----- DATA EXTRACT

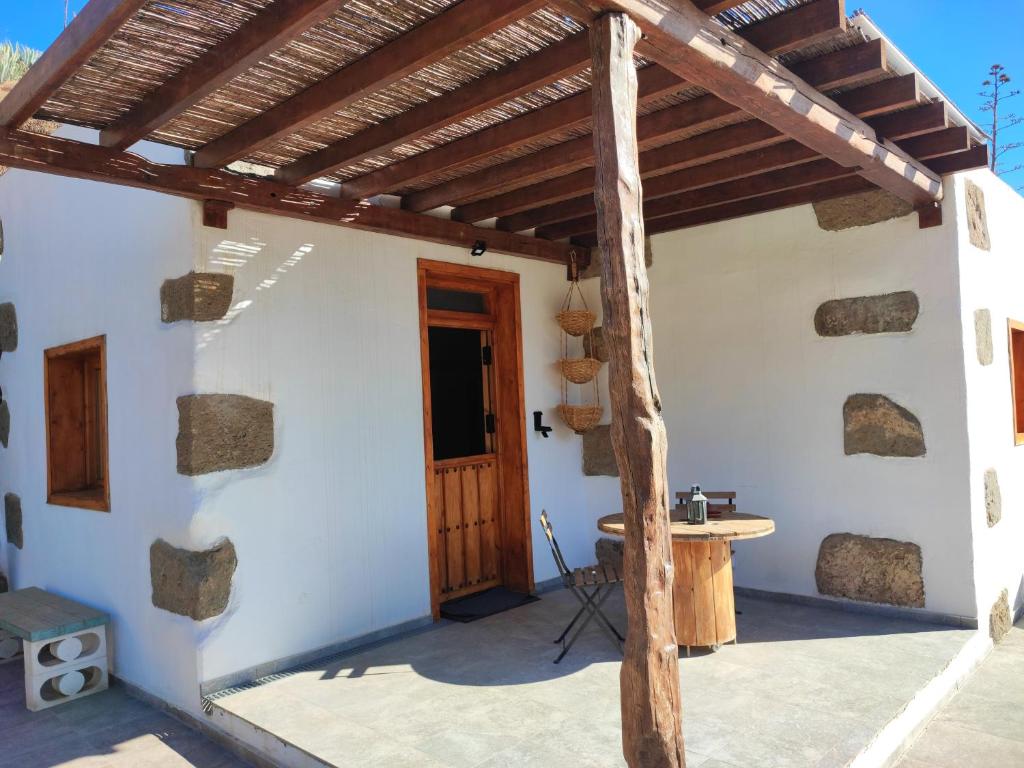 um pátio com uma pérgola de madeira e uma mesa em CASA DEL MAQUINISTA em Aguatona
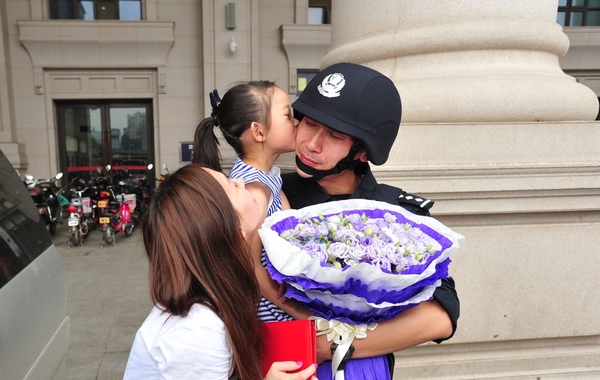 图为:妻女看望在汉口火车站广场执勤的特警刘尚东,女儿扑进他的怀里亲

----------
----- DATA EXTRACT

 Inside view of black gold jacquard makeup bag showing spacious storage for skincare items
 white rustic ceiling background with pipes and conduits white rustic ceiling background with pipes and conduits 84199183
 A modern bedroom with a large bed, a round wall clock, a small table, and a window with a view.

----------

- TASK DIRECTIONS
Extract the part of the records that opens with the line containing "um pátio com" and closes with the line containing "图为:妻女看望在汉口火车站广场执勤的特警刘尚东,女儿扑进他的怀里亲". Take only those lines, exactly, and no pictures.

- RESULT OF THIS EXERCISE
 um pátio com uma pérgola de madeira e uma mesa em CASA DEL MAQUINISTA em Aguatona
 图为:妻女看望在汉口火车站广场执勤的特警刘尚东,女儿扑进他的怀里亲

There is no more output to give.